Вся монистическая пирамида, опирающаяся на такие тонкие точки, как эти, кажется мне махтспрухом, продуктом воли в гораздо большей степени, чем разума. Единство-это хорошо, поэтому вещи должны быть согласованы; они должны быть едины; должны быть категории, делающие их едиными, независимо от того, какие эмпирические различия могут возникнуть. В собственных трудах Гегеля должно быть вспыльчивость вездесуща и возвышенна; она одинаково преодолевает вербальное и логическое сопротивление. Ошибка Гегеля, как хорошо говорит профессор Ройс, "заключалась не во введении логики в страсть", как утверждают некоторые люди, " а в понимании логики страсти как единственной логики.... Он [таким образом] наводит на размышления, - говорит Ройс, - но никогда не бывает окончательным. Его система как система рухнула, но его жизненное понимание нашей жизни остается навсегда " [1].
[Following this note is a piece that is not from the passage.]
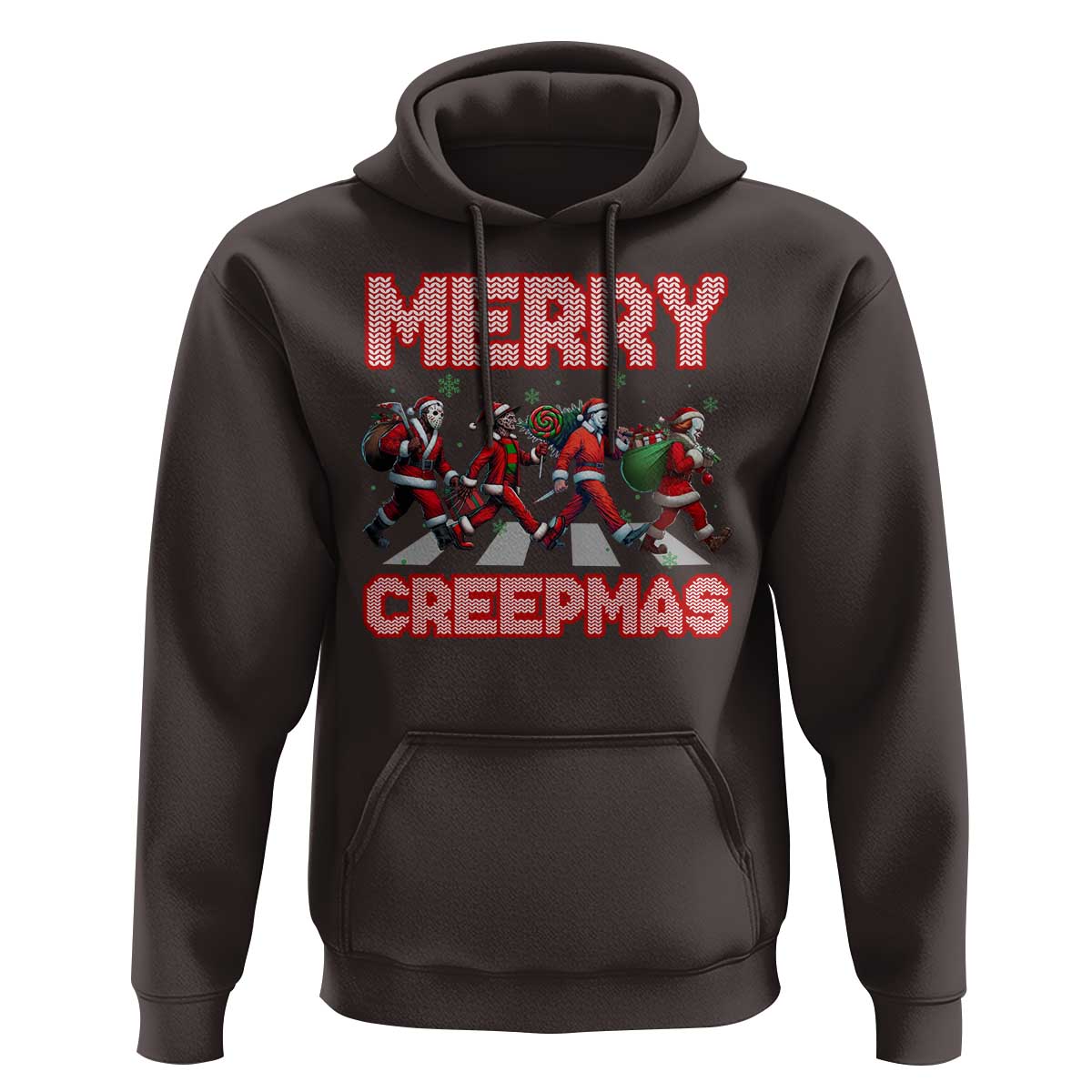 Horror Christmas Hoodie Merry Creepmas Horror Characters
Это жизненно важное понимание мы уже видели. Дело в том, что в некотором смысле реальные вещи не являются просто их собственными голыми "я", но могут смутно рассматриваться как их собственные другие, и что обычная логика, поскольку она отрицает это, должна быть преодолена. Обычная логика отрицает это, потому что она заменяет понятия реальными вещами, а понятия-это их собственное голое " я " и ничего больше. То, что Ройс называет "системой" Гегеля, было попыткой Гегеля заставить нас поверить, что он работал с помощью концепций и оттачивал более высокий стиль логики, когда на самом деле разумный опыт, гипотезы и страсть предоставили ему все его результаты.